The Glamorous Life of Sachiko Hanai (花井さちこの華麗な生涯, Hanai Sachiko no karei na shōgai) (2003) was introduced as a pink film, with the title Horny Home Tutor: Teacher's Love Juice (発情家庭教師　先生の愛汁, Hatsujō katei kyōshi: sensei no aijuru) but it developed into a cult hit and the producers allowed director Mitsuru Meike to expand it into its present form. In 2007 the film was featured at the Santa Barbara International Film Festival.

==Plot==
Sachiko Hanai (Emi Kuroda) works as a call girl or soap girl specializing in sexual roleplay, or cosplay.
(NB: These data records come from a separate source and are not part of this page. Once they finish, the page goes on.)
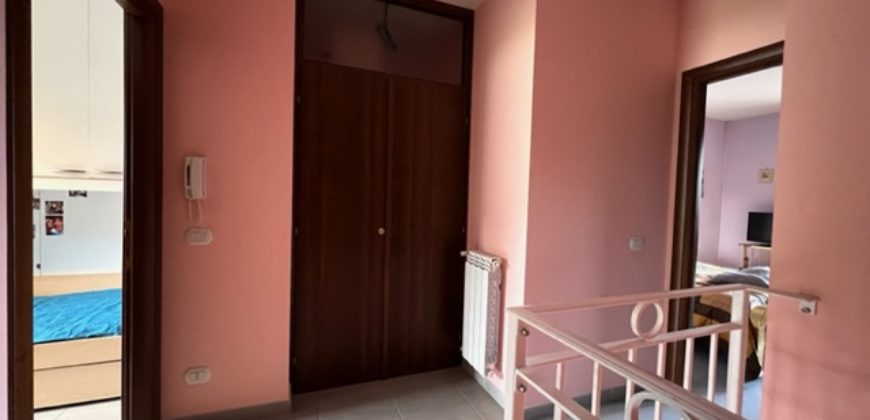 Villino a schiera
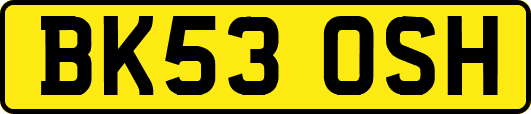 BK53OSH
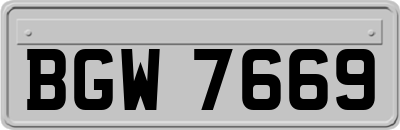 BGW7669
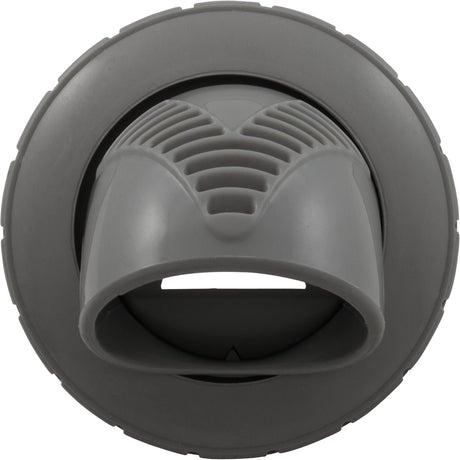 Inlet Fitting, Infusion Venturi, 1-1/2" Insider, Dark Gray : VRFSISDG - Infusion Pool Products - 858923003253 - PartsForSpas.com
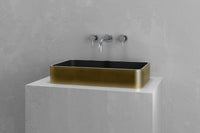 Rectangular Vessel Sink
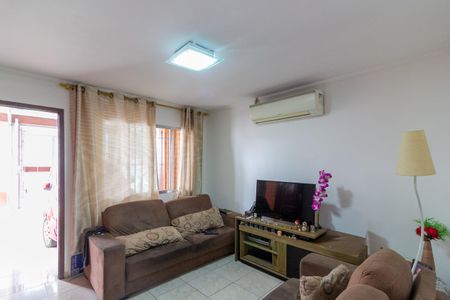 Sala de casa para alugar com 3 quartos, 120m² em Americanópolis, São Paulo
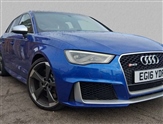 Audi RS3 Image 1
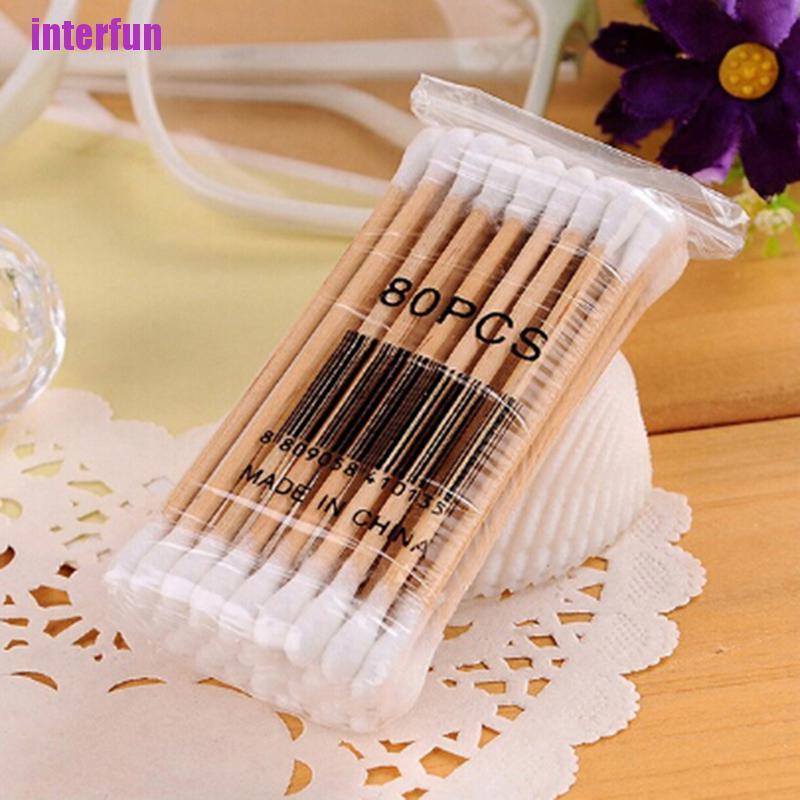 Hộp Tăm Bông 30-35 Cotton Tẩy Trang Tiện Lợi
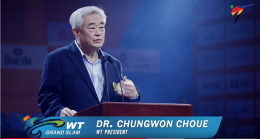 El Taekwondo Mundial le apuesta a un mensaje de paz para el 2018 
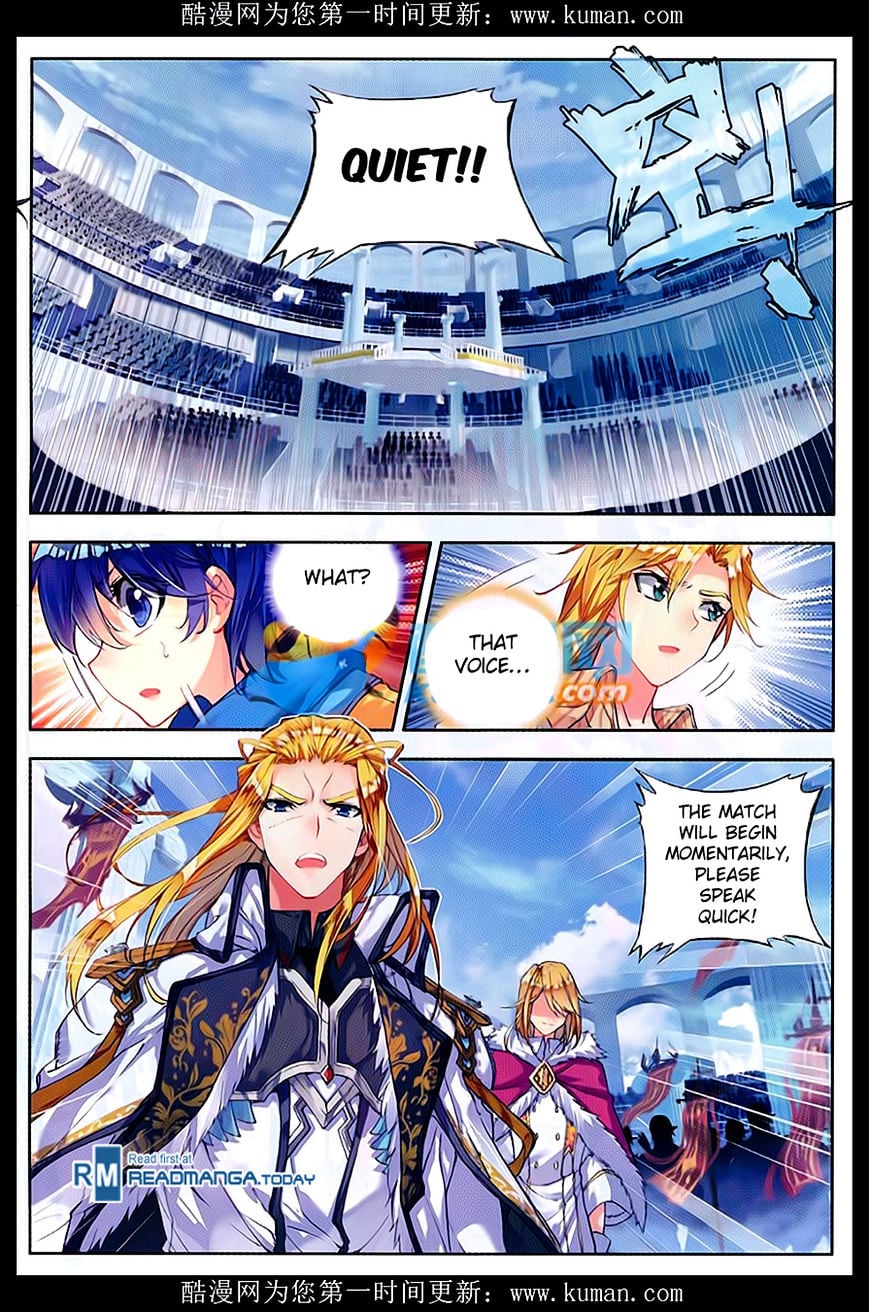 Douluo Dalu ii – Jueshi Tangmen chapter 85 - page 6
In her work, Sachiko portrays a home-tutor, hence the film's original title, Horny Home Tutor: Teacher's Love Juice. While at a café after one job, she witnesses an altercation between two men, one a North Korean and the other from the Middle East, who turn out to be spies in the middle of a transaction. When the argument escalates to gun-play, Sachiko foolishly starts to take a cell-phone picture of the incident and is shot in the forehead. Rather than killing her, the bullet lodges in her brain and gives her extraordinary mental powers, including the ability to understand languages of which she previously had no knowledge, arcane philosophical insight, advanced mathematical knowledge, and ESP. After fleeing from the scene, she finds a metal cylinder in her pocket which contains a cloned copy of the finger of United States President George W. Bush.

While waiting in Sachiko's house to reclaim the finger, the North Korean falls in love with her. Sachiko befriends and has sex with a philosophy professor and the professor hires her as his son's tutor. The professor's wife becomes suspicious and goes to a detective, who happens to be the man who shot Sachiko. Because Bush's fingerprint is capable of unleashing a nuclear holocaust, the North Korean wants the cylinder back. In the end he takes Sachiko and she uses her powers to direct them to a cave where they find a machine that can decide the fate of the world.

== Release ==
Palm Pictures has the American distribution rights and has promoted the film with their own trailers while Argo Pictures retains the original rights for Japan.